[[ Source information open ]]

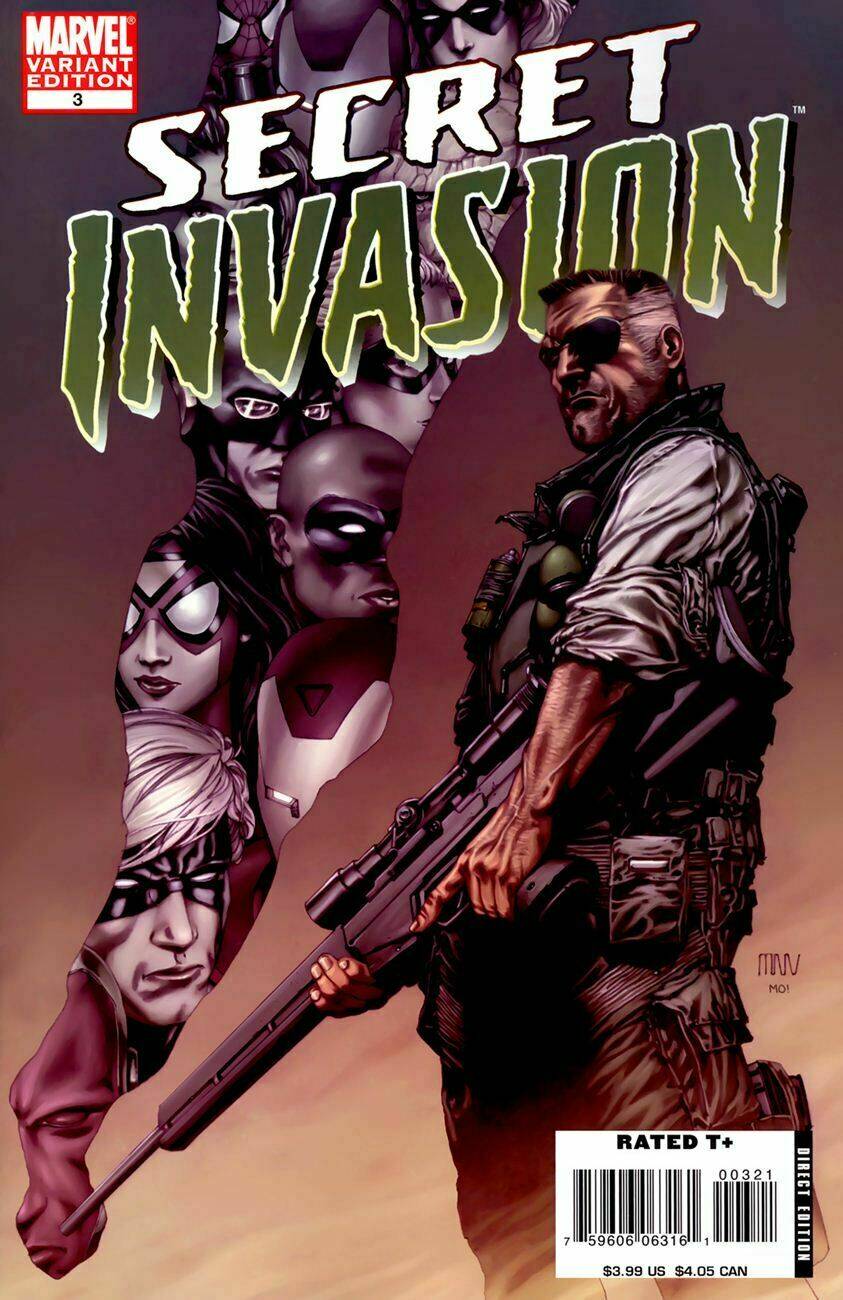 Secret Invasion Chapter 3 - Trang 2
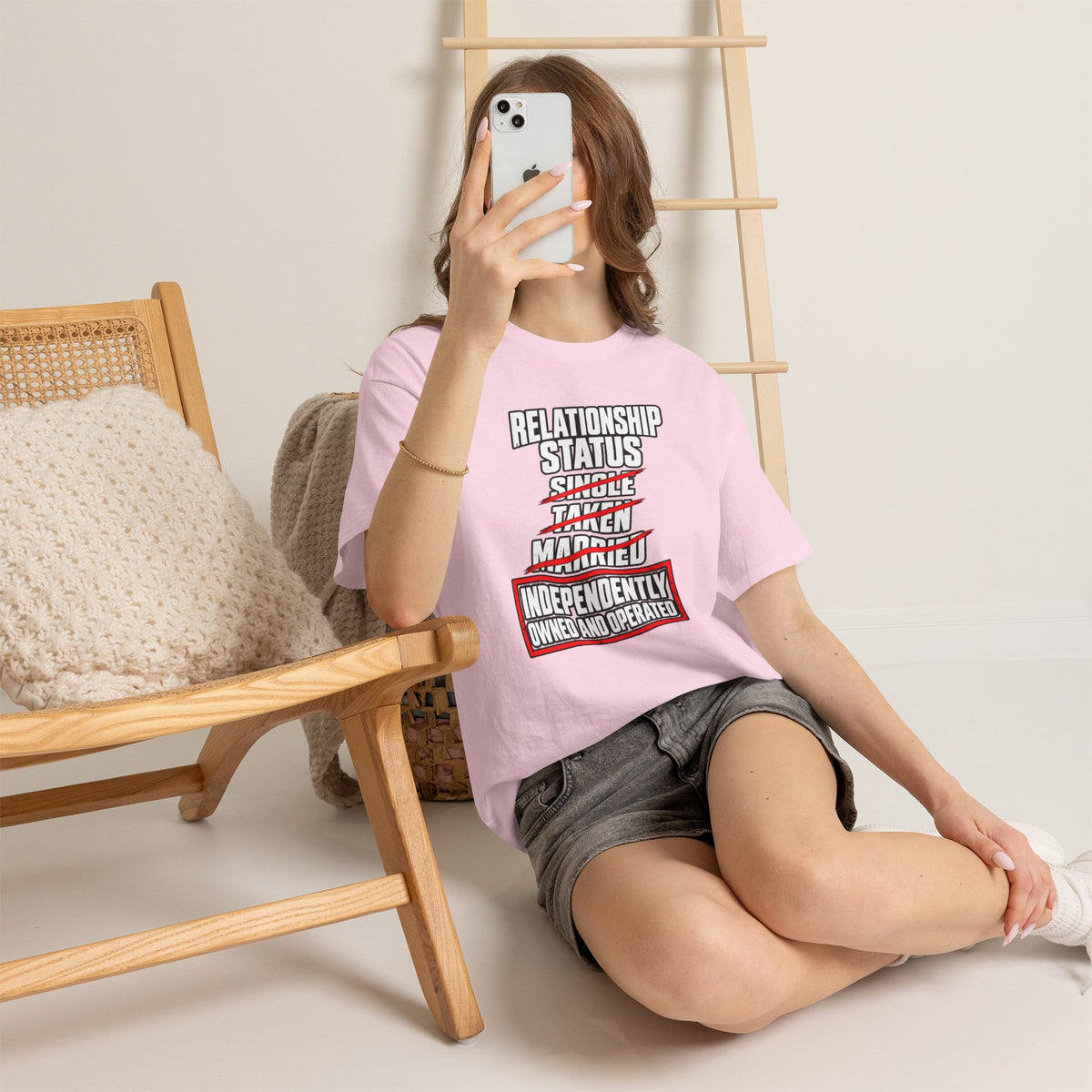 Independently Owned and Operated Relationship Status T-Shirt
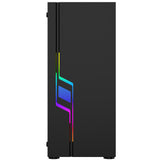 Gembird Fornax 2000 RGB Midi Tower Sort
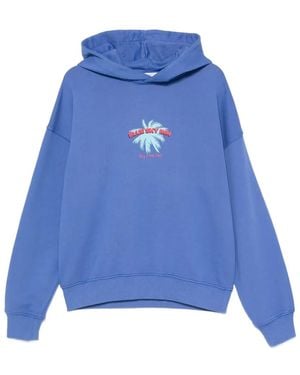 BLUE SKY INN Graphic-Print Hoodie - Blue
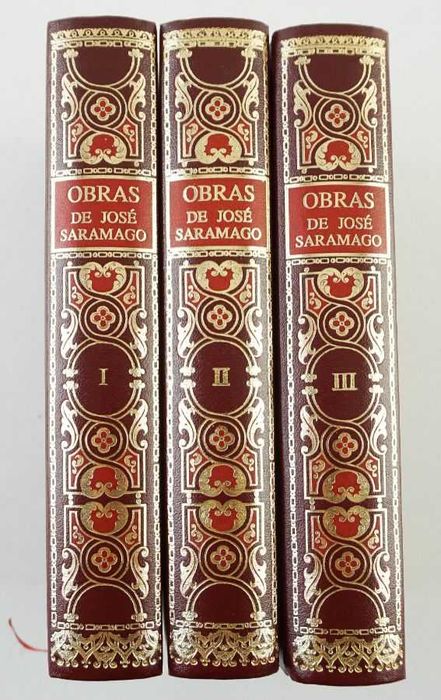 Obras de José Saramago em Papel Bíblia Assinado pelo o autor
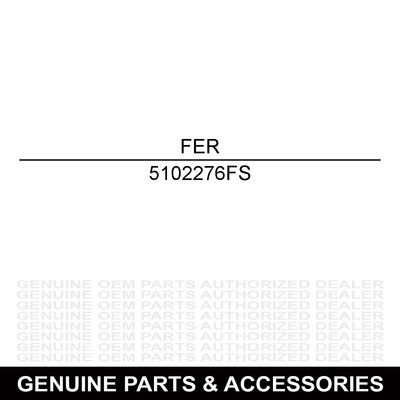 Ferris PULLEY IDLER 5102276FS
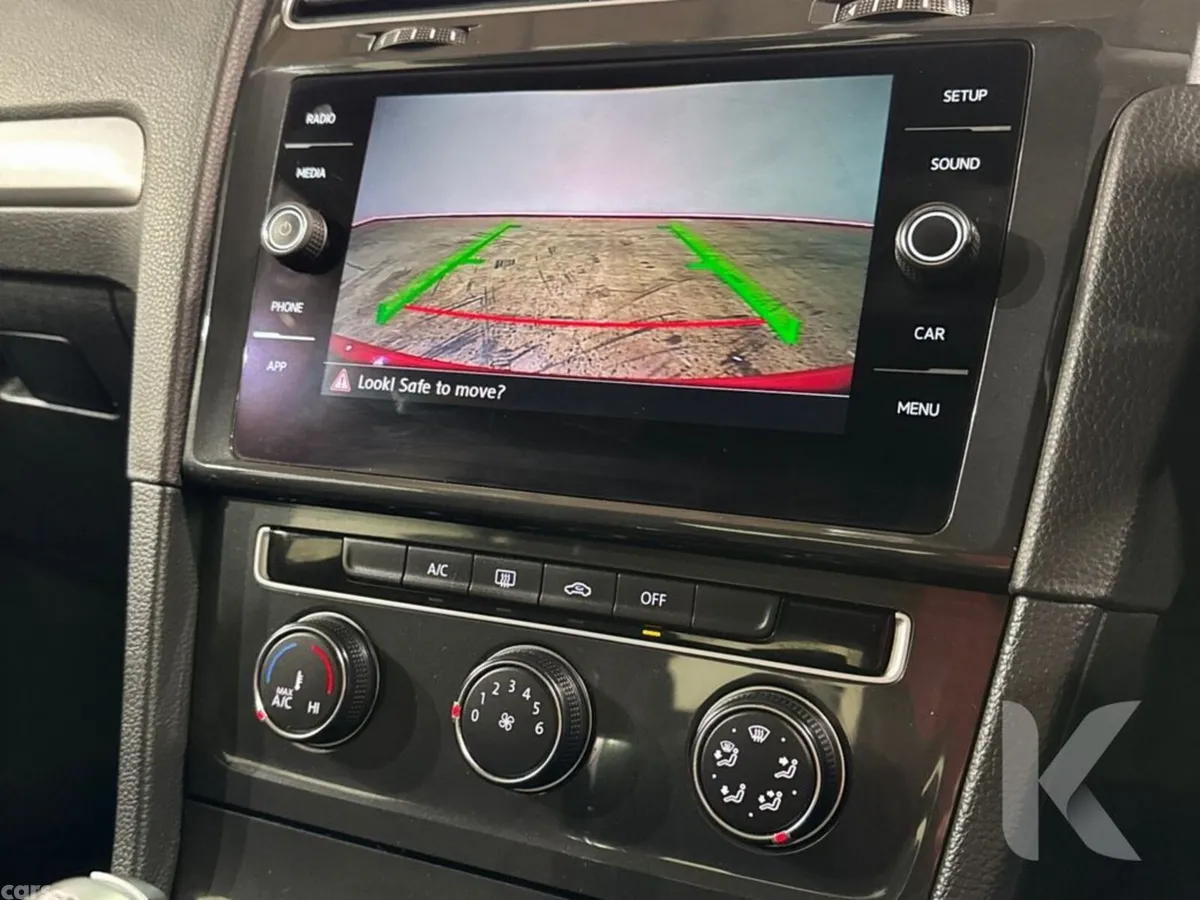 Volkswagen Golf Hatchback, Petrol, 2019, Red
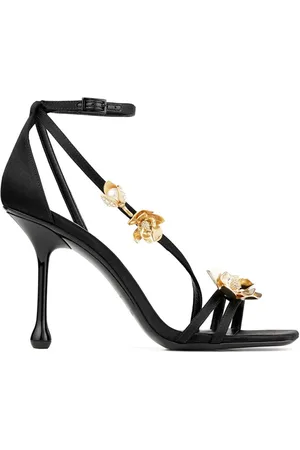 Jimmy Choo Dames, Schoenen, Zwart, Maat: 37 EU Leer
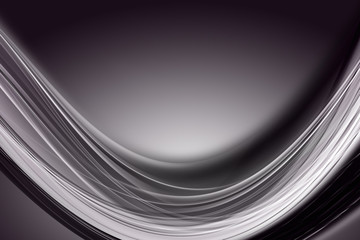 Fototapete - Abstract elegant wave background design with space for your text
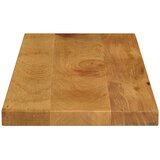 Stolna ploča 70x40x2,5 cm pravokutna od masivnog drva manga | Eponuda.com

[[ Source information closed ]]

■ Task directions
Your answer must be the entries repeated exactly, with no pictures.

■ Answer for the task
 Secret Invasion Chapter 3 - Trang 2
 Independently Owned and Operated Relationship Status T-Shirt
 Gembird Fornax 2000 RGB Midi Tower Sort
 BLUE SKY INN Graphic-Print Hoodie - Blue
 Obras de José Saramago em Papel Bíblia Assinado pelo o autor
 Ferris PULLEY IDLER 5102276FS
 Volkswagen Golf Hatchback, Petrol, 2019, Red
 Jimmy Choo Dames, Schoenen, Zwart, Maat: 37 EU Leer
 Fototapete - Abstract elegant wave background design with space for your text
 Stolna ploča 70x40x2,5 cm pravokutna od masivnog drva manga | Eponuda.com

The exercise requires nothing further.